My first thoughts can be roughly summarized with

You know that you are out of date, if

  • you like mailing lists. [1]
  • you signed up for Twitter and never posted anything.
  • you signed up for Google plus and never posted anything.
  • you read the Twitter feed of others once a month.
  • you don't even know how to link to a Twitter message.

You know you don't do the popular things, if

  • you spend two days checking the numerical accuracy of your algorithm for a case with bad data instead of trying to calculate it in the cloud.
  • you spend a week writing test cases verifying your code against other packages, instead of waiting for the bug reports from users.
  • you spend your time figuring out skew, kurtosis and fat tails, and everyone thinks the world is normal, (normally distributed, that is).
  • you think you can to "fancy" econometrics in Python, when users can just use STATA.
  • you think you can to "fancy" statistics in Python, when users can just use R.
  • you think "Data Analysis" requires statistics and econometrics.

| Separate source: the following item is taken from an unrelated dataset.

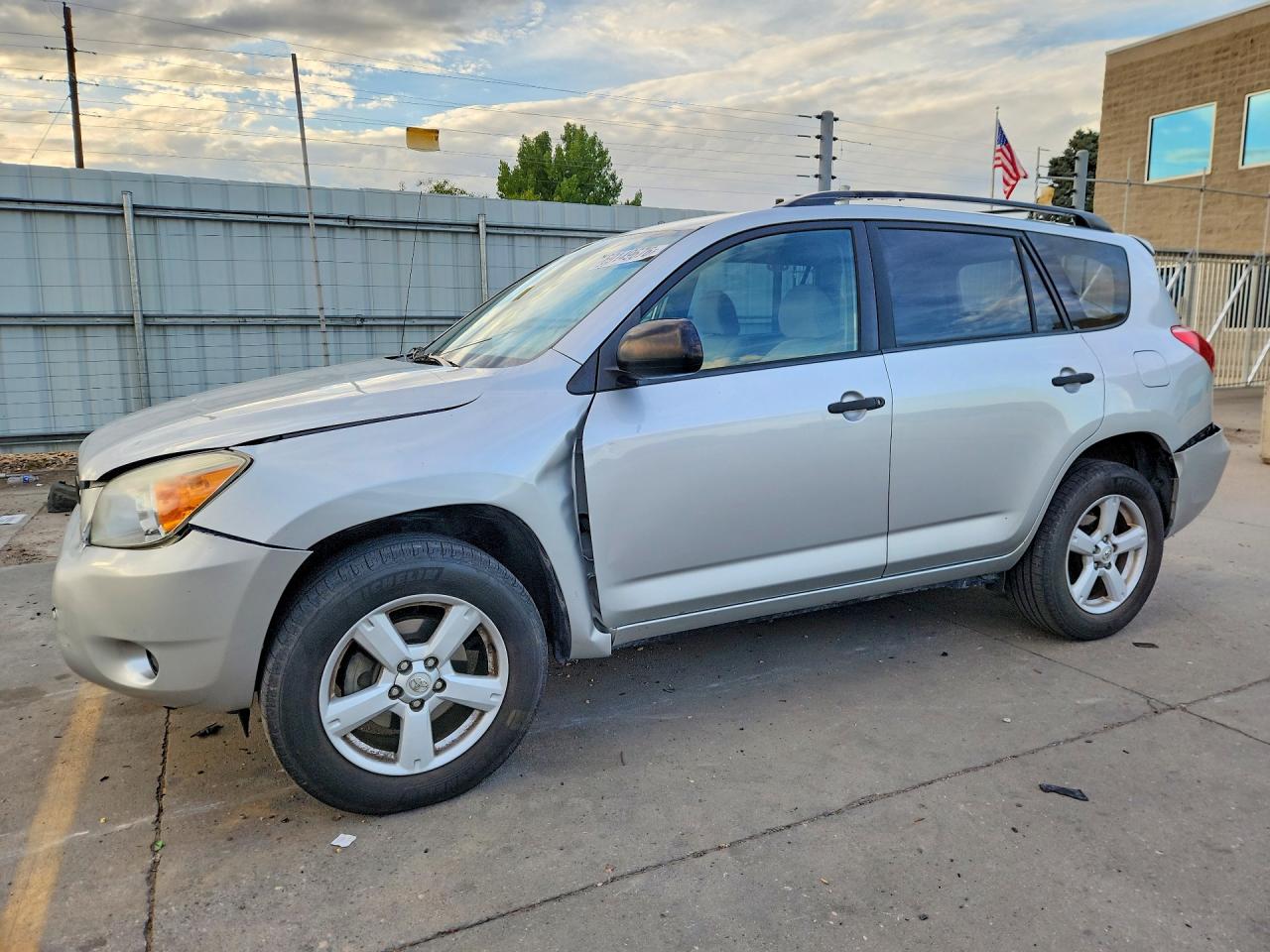 2007 TOYOTA RAV4 BASE | JTMBK33V976025689 | UPCARS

You know you are missing the boat (or the point), if

  • "all the best and brightest in the scipy/numpy community are doing a startup" [2], and you are not among them.
  • you are looking for your business plan, and you realize you never came up with one.
  • the "community" of your open source project consists mostly of two developers.
[2]from this feed

1 comment:

  1. Joe, heads up!
    It is your work that got me started with python and statistics, and I am using it for a course at university now. And I might be wrong : but I think that R as a programing language is ugly enough that python will catch on for statistics applications.
    Keep up your good work - people like me are Very grateful!